We’ve all been there. Like a naiad springing out of an edenic, fauna-strewn brook babbling down a sun-splattered mountainside in order to divert your destiny from its current path, a friend request pops up. You don’t know him personally, but you see that you have at least five friends in common, and depending on who those friends are and in what circles they run, you glean as much information as you can from what he allows to be public on facebook.
The plot thickens.
You ask your friends in common about this guy, what his story is, why he’s contacting you. They say he saw your profile linked in one of their pics, liked your profile pic, and asked about you. Then a message from him appears. “Hey, ——- said you were pretty rad. I dig your book selections. Let me know if you’d like to get a beer sometime.” So you friend him, but you place him on one of your limited viewing lists, aptly titled “No Seeski.” You’re cautious, after all.

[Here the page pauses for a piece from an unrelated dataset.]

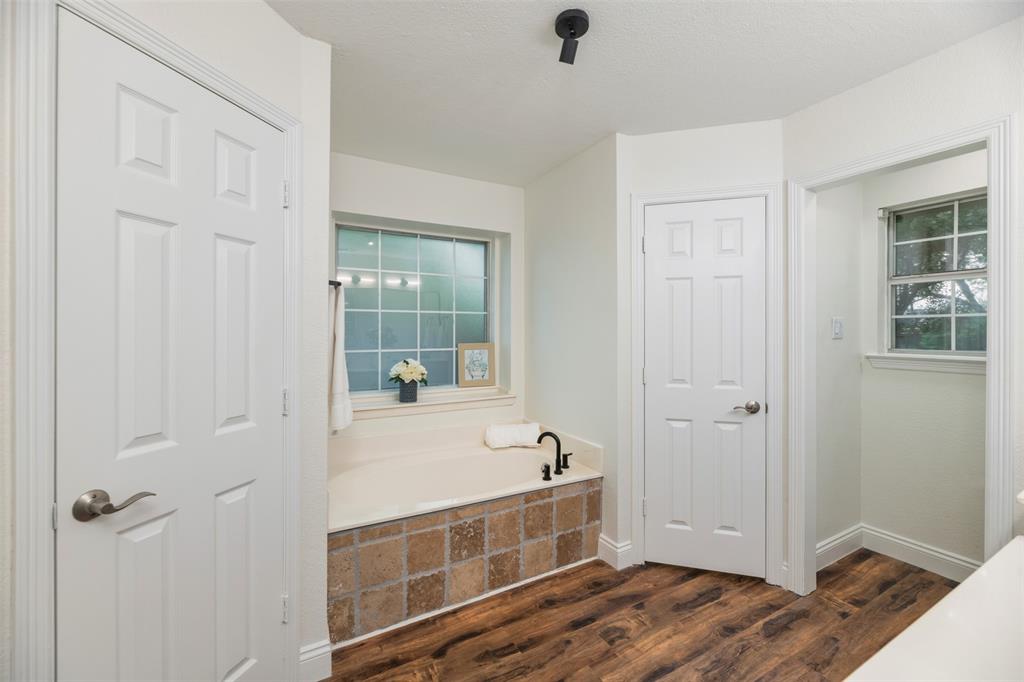 215 Barbara Way Red Oak, TX 75154 - Photo 19 of 36 Soaking bath in ensuite primary bath is the perfect place to relax and unwind after a busy day. Split bedrooms offers additional privacy.Updated bathroom with clean, fresh finishesThe bathroom offers a bright, refreshed look with a modern vanity, updated flooring, and neutral finishes. A practical space that feels clean, simple, and move-in ready.The primary bathroom offers a soaking tub to relax and unwind after a busy day.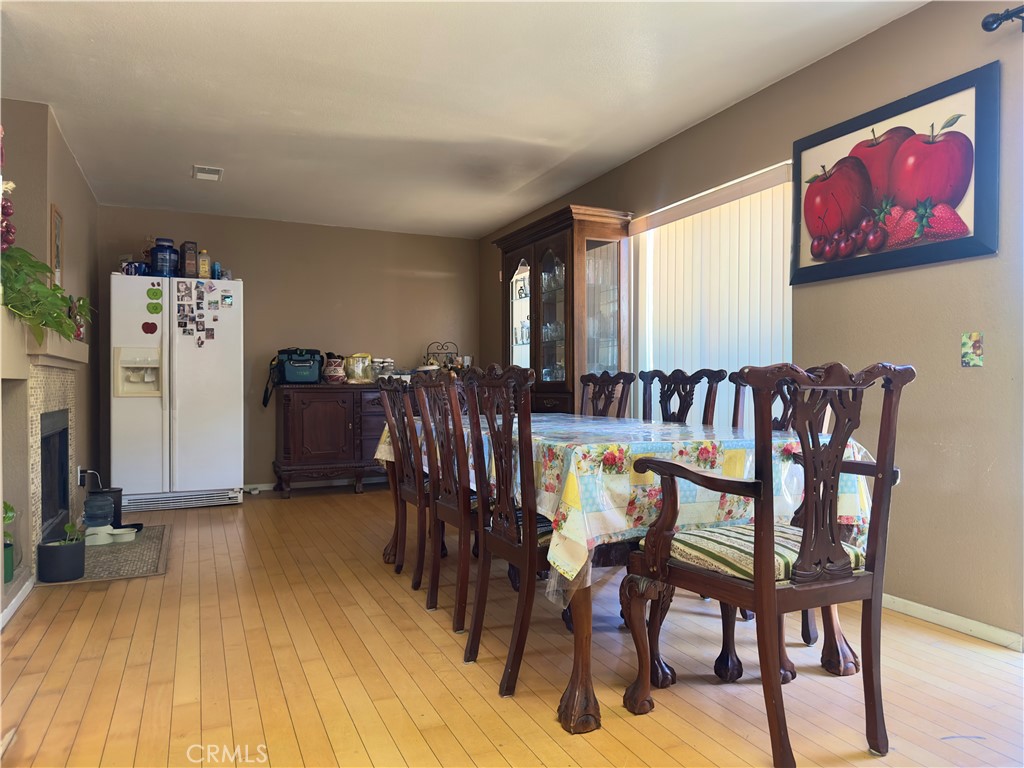 1204 Lilac Ridge Drive Perris, CA 92571 - Photo 5 of 14 a view of a dining room with furniture and wooden floor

Brief conversations ensue. He forwards you an NPR article he thinks you’d like. You give him some recommendations for bars in his neighborhood. You decide to become friends. After scouring over his profile with eyes of steel wool (followed by a thorough Google search/GIS), you acquiesce. There’s a possibility there.
The anticipation mounts. You look forward to each other’s messages. He leaves sarcastic comments on your status updates, and he Likes a photo of you traveling through Mexico last summer. You link a Jon Stewart clip to his Wall, and he loves it. That’s it. It’s time to meet. Pick a spot, shave your legs, tell your friends and let them idealize the outcome (and let your cynical brain believe them for the time being), and show up confident and optimistic.
And then this happens.
You knew you shouldn’t have skipped the obvious red flag that he didn’t know what a naiad is. And that he listed “Fast and the Furious” as one of his favorite movies and supports Ron Paul.
***
We’ve gotten into discussions about this in class many times before, and I was explaining it to one of my 17U volleyball players last night before practice as she was talking about how hard it was for her to focus in class. Because the generation that is just entering college this year has no knowledge of what the world was like before the Interwebz (and has collectively had cell phones since it was about 10, and has access to 500 TV channels at once, etc.), it wants instant gratification in the classroom, needs to be constantly multitasking, and easily loses focus on what is being taught. So while it has 1500 friends on facebook, half of whom are people they’ve never met who probably live on the other side of the planet, it doesn’t have the communication skills to shake hands with a neighbor, talk to someone face-to-face, or communicate properly. Which then rolls over into the classroom, the workplace, and society.
Who needs to subscribe to a dating website when you have facebook for free? I’m sure the success rate is pretty similar.
Oh, world. You just get kookier and kookier with every passing year.